BenJohnson,
Yes the RO plant design is sophisticated but as a mechanical engineer the different apsects should have been encountered if you have 15 to 20 years experience in the petrochem industry.
The hydraulics and pump selection are no more different than for a refinery or chemical process plant.
The use of super duplex or duplex stainless steels, thermoplastic piping is no different to other process industries.
Waste treatment and solids recovery along with chemical treatment is no different.
The biggest hurdle is that engineers think that an RO plant is a water treatment plant. This is far from the truth. To be honest, water industry engineers are left floundering as they just do not have the experience of ASME B31.3 , Class 600/900 flanged pipe systems, welding special ss alloys, high pressure pumping in parallel operation, high pressure filtration, brine handling etc etc. These plants are sophisticatedd chemical process plants. The
only thing to do with the water industry is the end product.
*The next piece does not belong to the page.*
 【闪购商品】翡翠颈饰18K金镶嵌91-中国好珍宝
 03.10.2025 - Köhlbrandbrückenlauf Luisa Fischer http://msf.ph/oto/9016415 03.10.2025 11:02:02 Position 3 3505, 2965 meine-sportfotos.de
I worked on a major desalination project where the consultant put their water industry engineers on the job rather than their chemical enginering specialists. What a disaster. It will end up in the courts as they just "didn't know what they didnt know". Designs ran late, there was a steep learning curve and it cost a lot of extra money to build.
I have seen the same thing happen in the mining industry where solvent extraction and hogh pressure acid recovery of nickel was involved. This was not a mining project or mineral recovery project. It was a chemical processsing plant admittedly with solids handling.
“The beautiful thing about learning is that no one can take it away from you.”